Information on the RDB release of the CSJ-Core

We have published Version 2.0 of the RDB data (referred to below as CSJ-RDB) for the CSJ "Core" (around 45 hours, 500,000 words). While the RDB files contain all the basic information found in the CSJ XML documents, some additions and corrections have been made. See below for more information.

In addition, the CSJ-RDB will be provided for those who already have the CSJ (1st-4th editions).

Please note that the CSJ-RDB is not released stand-alone.

Outline of the CSJ-RDB

In the CSJ, a large amount of information (annotation) for use in research is included, such as morphological information, dependency structure information, segmental sound information, and prosodic information. In order to perform analysis related to this plurality of information efficiently, a data format which expresses the associations between the various types information is required. Thusfar, the CSJ has provided this information to the user in an integrated fashion via XML files (CSJ-XML). However, the data structure of CSJ-XML is quite complex, and can be cumbersome to use for users lacking programming experience.

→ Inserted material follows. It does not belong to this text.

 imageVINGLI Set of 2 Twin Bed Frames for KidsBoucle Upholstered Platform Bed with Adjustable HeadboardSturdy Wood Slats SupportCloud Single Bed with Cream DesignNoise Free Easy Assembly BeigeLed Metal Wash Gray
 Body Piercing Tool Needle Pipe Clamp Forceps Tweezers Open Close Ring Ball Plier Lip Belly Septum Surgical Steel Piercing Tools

Therefore, it was decided to publish a RDB (hereafter CSJ-RDB) containing mainly the data from the CSJ-XML in a format that shows the relationship between the different types of information. The RDB (relational database) is a database composed of a number of tables associated with each other. Individual data elements will be presented in tables (in rows and columns), a more intuitive and easily grasped format compared to the XML. Also, because all tables are associated with each other, unlike the previous case where data points are provided separately, it is relatively easy to perform searches related to a plurality of information.

Please note that the CSJ-RDB is particularly focused on the numerous types of data for research use found in the CSJ core data set (Approximately 45 hours, 500,000 words). Please see the following for more information on the CSJ core.

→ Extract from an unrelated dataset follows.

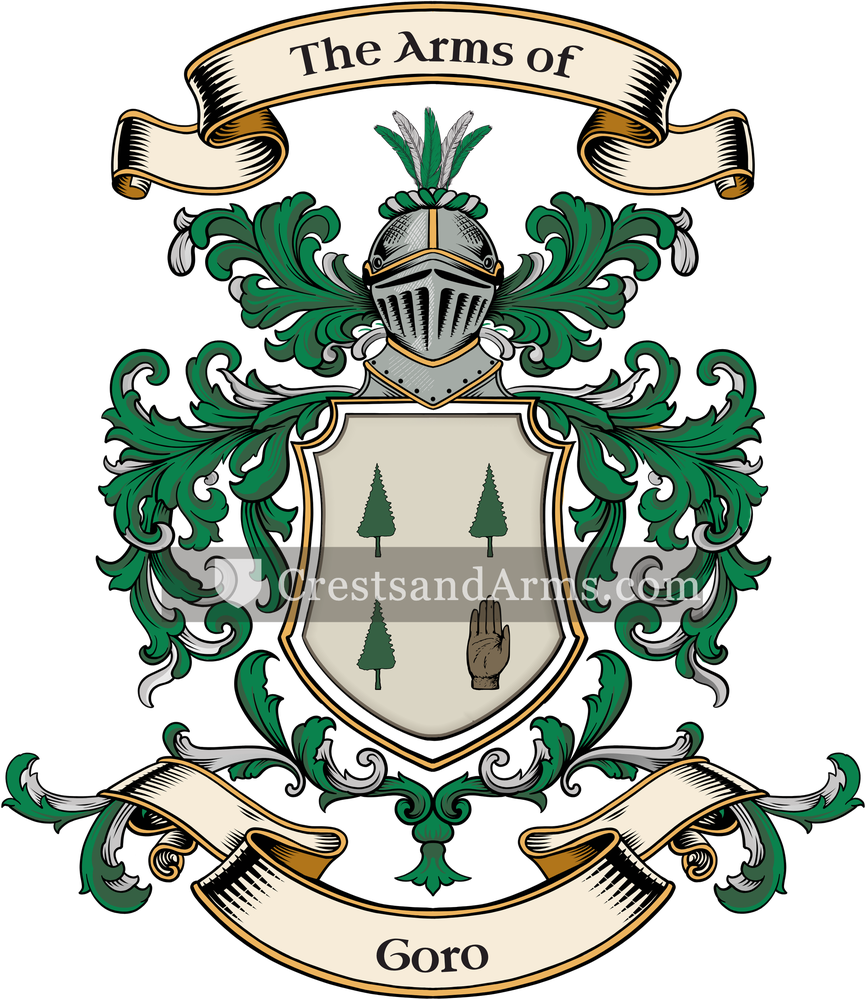 The Goro coat of arms, drawn from the recorded blazon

See: "Overview of the Corpus of Spontaneous Japanese" (In Japanese)

Outline of the data representation scheme

The CSJ-RDB annotation is made up of elements that describe the many units in the utterance (i.e. segments), and links which describe the relationships between the units.

The units are organized as shown in Figure 1, which also shows the connections between them. These tables are called 'Segment tables'. Additionally, the parent-child relationships of the units are represented in tables called 'Parent-child relationship' tables.

Segment tables

Each of the units in Figure 1 is a segment table describing one of the elements of the discourse.

The following information is common to all tables: the discourse ID, individual unit ID, unit start time, unit end time, and speaker label. In addition to this common information, information specific to each unit is also given (for example part of speech information for short unit words). Figure 2 shows and example of a segment table giving information on partial units and clauses.

Parent-child relationship tables

The parent-child relationship tables, based on the relationships shown in Figure 1, are representations of parent-child relationships using pairs of discourse and unit IDs. For example, in Figure 2 there is a clause unit table and a clause table; because these two are related, a parent-child relationship table is provided which shows how the two correspond.

Figure 2. Examples of segment tables and parent-child relationship tables

By using this parent-child relationship table you could, for example, perform searches that retrieved the final clause unit's length, or that returned the clause unit found 10 units before that. Because other types of relationships are also described, you could for example find the prefix of the short unit word in the final clause of the final clause unit.

Other tables

　In addition to segment tables and parent-child relationship tables, there are also sub-segment tables, link tables, and meta-information tables.

See: The structure of the CSJ-RDB

The implementation methods and usage of the CSJ-RDB

The CSJ-RDB is implemented in SQLite. SQLite is available as a standalone engine without the need for a server.

In order to take advantage of the CSJ-RDB, you will have to create search strings using the SQL language. It is relatively easy to learn this language compared to a full programming language, and there is also software which creates search statements via GUI (graphic user interface) for beginners.